You may support this blog ministry by clicking here and scrolling down to the donate link below its description or by mailing to MCC, P.O. Box 50488, Sarasota FL 34232 USA, designating “Progressive Christian Reflections” in the memo area of your check or money order. Thank you! 


Wednesday, November 27, 2019

The Wildest Places


I promised last week an excerpt from my talk this past Sunday for Atlanta’s First Existentialist Congregation, but the Spirit or a spirit has led me to do otherwise. I had completed writing my talk when I noticed I had overlooked a comma, which changed the meaning of my “scripture,” requiring changes to the talk itself.

Let us risk the wildest places,
Lest we go down in comfort, and despair.

This is from Mary Oliver’s poem “Magellan” about his ambitious sail around the world. Initially I left out the comma between comfort and despair, which suggests “comfort” and “despair” are co-equal results of failing to “risk the wildest places.” Instead, I realized she intended despair as a result of comfort. She is warning that succumbing to mere comfort may lead to despair.

As I made the necessary changes in my talk to interpret my new understanding of the line, I laughed to myself that this would make a good lesson in a high school English class about the importance of proper punctuation!

But the morning after my talk the spiritual nature of my error came to me like a slap on the head from a Zen master. Now reading the mystical poet Kahlil Gibran’s The Prophet in my morning prayers, I read the Prophet’s response to a mason’s petition to “Speak to us of Houses”:

Would that I could gather your houses into my hand, and like a sower scatter them in forest and meadow...  In their fear your forefathers gathered you too near together.

The Prophet ponders what seduces us in our houses, ending with:

Or have you only comfort, and the lust for comfort, that stealthy thing that enters the house a guest, and then becomes a host, and then a master?

Then adds:

Verily the lust for comfort murders the passion of the soul, and then walks grinning in the funeral.

As I age, comfort and security become more attractive than ever. At an ingathering of LGBTQ prophets a couple of years ago, I inquired why a particularly courageous prophet was not there. “She and her partner are in a retirement home,” it was explained, “And she said they really liked it because they ‘didn’t have to go outside.’”

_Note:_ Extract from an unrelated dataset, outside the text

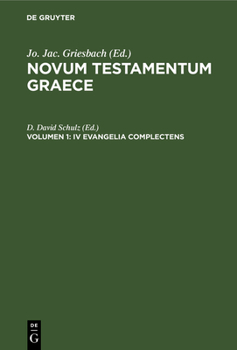 Hardcover IV Evangelia Complectens [Latin] Book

This past weekend a friend with mental health and addiction issues was released after eight months in jail. Though I’m familiar with so-called “institutional personalities,” those who repeat offenses to stay in the comfort and stability of incarceration, I had thought he would be overjoyed with his newfound freedom. But it has apparently deepened his anxiety. I witnessed something similar when he escaped a rigid, religious belief environment.

For me, the most memorable line (paraphrased here) from the old British film Thank You All Very Much featuring Sandy Dennis came when her character finally completed her doctoral dissertation: “So much freedom is so damn inhibiting!” Some of us in retirement experience the same sort of confusion, I guess one of the reasons I keep blogging.

In my talk Sunday, I drew a connection between Oliver’s “wildest places” and the “wilderness” as a frequent setting for spiritual enlightenment and pilgrimage in almost all religions.

Warning “your house shall not hold your secret nor shelter your longing,” the Prophet addresses us as “children of space” and seems to anticipate Oliver’s sailing metaphor:

But you, children of space, you restless in rest, you shall not be trapped nor tamed.
Your house shall be not an anchor but a mast. …
For that which is boundless in you abides in the mansion of the sky, whose door is the morning mist, and whose windows are the songs and the silences of night.

“Your house shall be not an anchor but a mast.”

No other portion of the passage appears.